Tuttavia, stante la complessità delle tipologie contrattuali riscontrabili nel settore edile, le indicazioni sopra fornite potrebbero risultare di difficile applicazione con riferimento all’ipotesi di un contratto unico di appalto – comprensivo anche di prestazioni soggette a reverse charge ai sensi della lettera a-ter) – avente ad oggetto la costruzione di un edificio ovvero interventi di restauro, di risanamento conservativo e interventi di ristrutturazione edilizia di cui all’articolo 3, comma 1, lettere c) e d), del decreto del Presidente della Repubblica 6 giugno 2001, n. 380.


Pertanto l’Agenzia delle Entrate afferma nella medesima Circolare 14/e del 2015 che :

In una logica di semplificazione, si ritiene che, anche con riferimento alla prestazioni riconducibili alla lettera a-ter), trovino applicazione le regole ordinarie e non il meccanismo del reverse charge.


Così, ad esempio, in presenza di un contratto avente ad oggetto la ristrutturazione di un edificio in cui è prevista anche l’installazione di uno o più impianti, non si dovrà procedere alla scomposizione del contratto, distinguendo l’installazione di impianti dagli interventi, ma si applicherà l’IVA secondo le
modalità ordinarie all’intera fattispecie contrattuale.

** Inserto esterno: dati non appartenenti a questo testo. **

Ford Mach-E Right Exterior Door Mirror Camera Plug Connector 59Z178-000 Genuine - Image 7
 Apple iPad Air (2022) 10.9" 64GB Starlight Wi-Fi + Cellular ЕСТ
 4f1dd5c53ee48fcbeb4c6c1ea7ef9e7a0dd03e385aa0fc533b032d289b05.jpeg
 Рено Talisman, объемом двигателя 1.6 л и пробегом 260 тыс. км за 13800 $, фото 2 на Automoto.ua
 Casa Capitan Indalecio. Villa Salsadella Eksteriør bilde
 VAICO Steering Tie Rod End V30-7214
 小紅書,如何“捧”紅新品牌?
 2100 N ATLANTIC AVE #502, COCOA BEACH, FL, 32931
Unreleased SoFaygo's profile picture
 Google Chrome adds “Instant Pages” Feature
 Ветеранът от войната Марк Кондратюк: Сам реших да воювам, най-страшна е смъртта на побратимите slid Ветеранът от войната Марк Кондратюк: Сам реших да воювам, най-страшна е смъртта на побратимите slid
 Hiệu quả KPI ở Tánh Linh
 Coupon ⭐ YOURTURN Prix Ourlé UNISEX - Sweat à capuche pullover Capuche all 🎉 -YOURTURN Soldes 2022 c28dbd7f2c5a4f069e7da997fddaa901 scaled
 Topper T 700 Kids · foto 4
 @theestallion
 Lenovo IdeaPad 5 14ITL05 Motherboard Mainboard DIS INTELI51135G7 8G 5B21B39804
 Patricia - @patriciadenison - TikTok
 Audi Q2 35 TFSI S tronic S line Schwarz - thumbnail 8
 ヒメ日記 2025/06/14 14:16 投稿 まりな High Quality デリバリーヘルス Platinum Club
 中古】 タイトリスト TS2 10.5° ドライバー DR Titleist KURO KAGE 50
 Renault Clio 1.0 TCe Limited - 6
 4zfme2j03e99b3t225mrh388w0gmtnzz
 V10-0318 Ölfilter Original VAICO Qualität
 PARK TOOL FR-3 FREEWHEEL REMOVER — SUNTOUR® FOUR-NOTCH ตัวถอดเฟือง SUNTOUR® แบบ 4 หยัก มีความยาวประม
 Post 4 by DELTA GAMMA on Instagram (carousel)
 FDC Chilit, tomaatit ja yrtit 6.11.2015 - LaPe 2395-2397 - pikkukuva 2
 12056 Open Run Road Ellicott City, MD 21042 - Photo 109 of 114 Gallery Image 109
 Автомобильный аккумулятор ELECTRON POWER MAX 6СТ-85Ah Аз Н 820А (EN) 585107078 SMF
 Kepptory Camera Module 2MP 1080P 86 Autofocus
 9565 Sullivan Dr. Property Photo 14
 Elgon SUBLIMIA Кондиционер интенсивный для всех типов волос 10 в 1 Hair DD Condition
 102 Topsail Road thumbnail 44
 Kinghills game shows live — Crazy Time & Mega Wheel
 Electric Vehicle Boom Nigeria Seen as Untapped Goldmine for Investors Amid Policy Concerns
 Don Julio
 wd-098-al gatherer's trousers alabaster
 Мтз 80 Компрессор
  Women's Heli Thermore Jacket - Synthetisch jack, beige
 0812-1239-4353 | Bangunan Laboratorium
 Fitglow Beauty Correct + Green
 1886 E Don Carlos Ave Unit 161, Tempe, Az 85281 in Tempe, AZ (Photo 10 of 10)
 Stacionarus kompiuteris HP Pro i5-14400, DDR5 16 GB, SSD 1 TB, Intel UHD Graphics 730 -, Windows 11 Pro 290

In sintesi sembra poter dire che dove il General Contractor commissiona una singola operazione chiaramente rinvenibile nell’art. 17 comma 6 a) ter allora sull’importo della prestazione si applicherà il Reverse Charge, mentre nel caso in cui il G.C. appaltasse a terzi un contratto complesso , sullo stesso potrà applicarsi l’I.V.A. senza rischio di incorrere nelle sanzioni inerenti la non applicazione del Reverse Charge.